◆ **TO DO**
Beginning with the line that holds "three horses are" in the data below, give again every line through the one that holds "Brembo P85013N - Bremžu", exactly as written.

◆ **DATA SUPPLIED**
============

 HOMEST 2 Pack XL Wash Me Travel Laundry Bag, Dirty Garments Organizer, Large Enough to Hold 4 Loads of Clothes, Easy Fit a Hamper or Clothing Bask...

============

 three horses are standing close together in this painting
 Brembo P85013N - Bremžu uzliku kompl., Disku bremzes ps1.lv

============

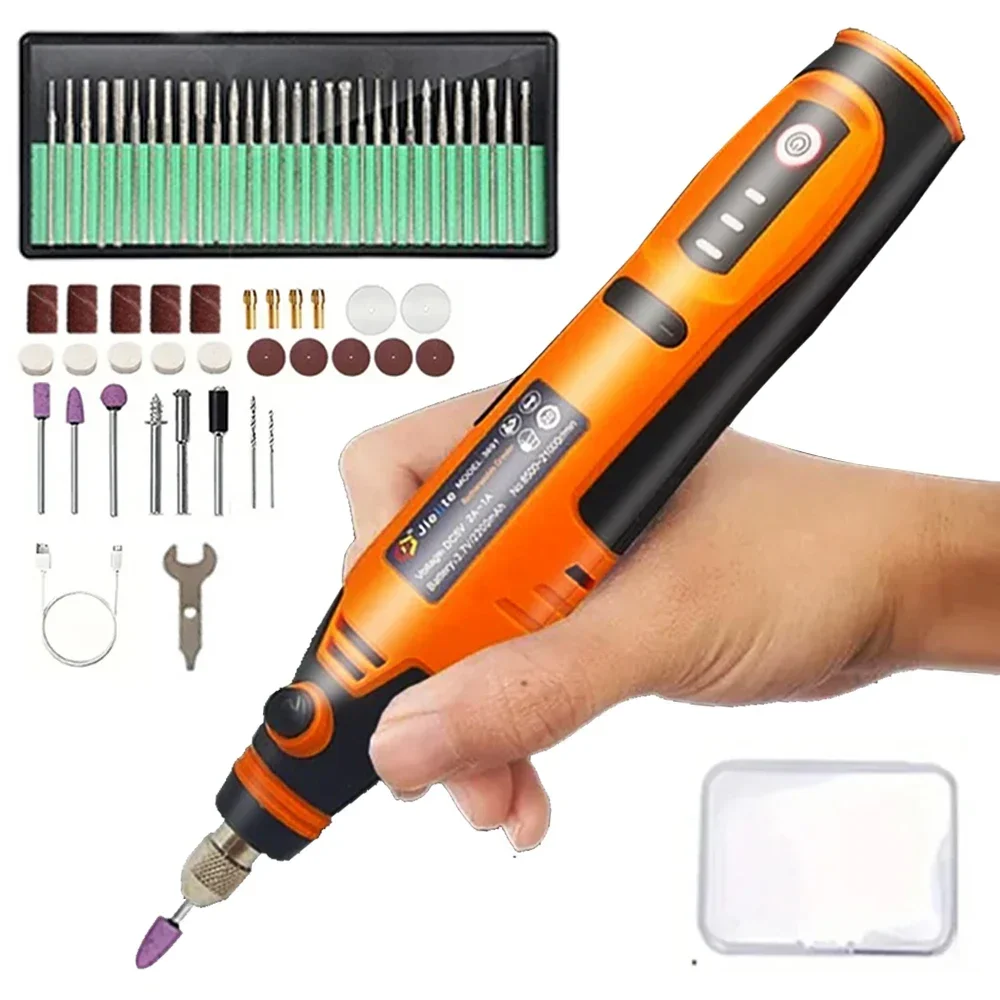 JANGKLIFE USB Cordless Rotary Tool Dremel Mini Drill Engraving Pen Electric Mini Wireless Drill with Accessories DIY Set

============

◆ **ANSWER FOR THIS EXERCISE**
 three horses are standing close together in this painting
 Brembo P85013N - Bremžu uzliku kompl., Disku bremzes ps1.lv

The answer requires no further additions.